Blood cell examination: Your healthcare provider may take additional blood samples to check for markers that indicate the presence of leukemia cells or a specific type of leukemia. Flow cytometry and peripheral blood smear are additional tests your healthcare provider may order.
Bone marrow biopsy (bone marrow aspiration): Your healthcare provider may perform a biopsy if you have an abnormal white blood cell count. A long needle inserted into your bone marrow (usually in your pelvic bone) draws out fluid during the procedure. The fluid sample gets tested in a lab for leukemia cells. A bone marrow biopsy helps determine the percentage of abnormal cells in your bone marrow, confirming a leukemia diagnosis.
Imaging and other tests: Your doctor may order a chest X-ray, CT scan, or magnetic resonance imaging (MRI) scan if symptoms indicate leukemia has affected your bones, organs or tissue. The leukemia cells don’t show up on imaging.
Lumbar puncture (spinal tap): Your healthcare provider may test a sample of spinal fluid to see if leukemia has spread to the spinal fluid surrounding your brain and spinal cord.
Treatment of Leukemia
Chemotherapy: Chemotherapy is the most common form of leukemia treatment. It involves using chemicals to kill leukemia cells or keep them from multiplying. During treatment, you may receive the chemicals (medication) as a pill, an injection into a vein or a shot under your skin. Usually, you’ll receive a combination of chemotherapy drugs.
Immunotherapy (biologic therapy): This treatment uses certain drugs to boost your body’s defense system your immune system to fight leukemia. Immunotherapy helps your immune system identify cancer cells and produce more immune cells to fight them.

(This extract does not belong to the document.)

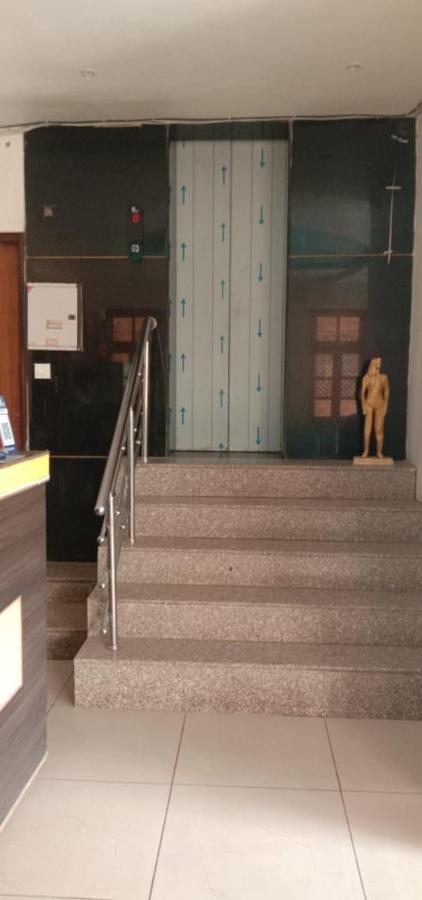 Jaya Palace Hotel By Wb Inn Dhaulpur Exterior foto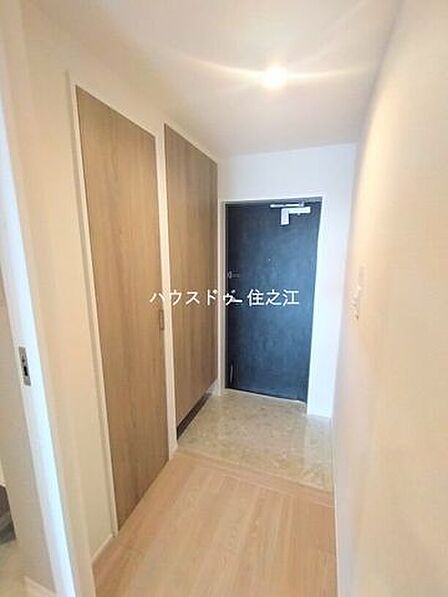 散らかりがちな玄関もスッキリの玄関収納付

Targeted therapy: This treatment uses drugs designed to attack specific parts of a leukemia cell (like a protein or gene) that are causing them to overtake normal blood cells. Targeted therapies may prevent leukemia cells from multiplying, cut off the cells’ blood supply or kill them directly. Targeted therapy is less likely to harm normal cells. Examples of targeted therapy drugs include monoclonal antibodies and tyrosine kinase inhibitors.
Radiation therapy: This treatment uses strong energy beams or X-rays to kill leukemia cells or stop them from growing. During treatment, a machine directs radiation to the exact spots in your body where the cancer cells are or distributes radiation over your whole body. Distributing radiation throughout your body may happen before a hematopoietic cell transplant.
Hematopoietic cell transplant (stem cell or bone marrow transplant): This treatment replaces the cancerous blood-forming cells killed by chemotherapy and/or radiation therapy with new, healthy hematopoietic cells. Your healthcare provider may remove these healthy cells from your blood or bone marrow before chemo and radiation, or they may come from a donor. The healthy new cells multiply, forming new bone marrow and blood cells that become the red blood cells, white blood cells and platelets your body needs.
Chimeric antigen receptor (CAR) T-cell therapy: This is a novel type of therapy that takes your body’s infection-fighting T-cells (T-cell or T-lymphocyte is a type of immune cell), engineers them to fight leukemia cells and infuse them back into your body.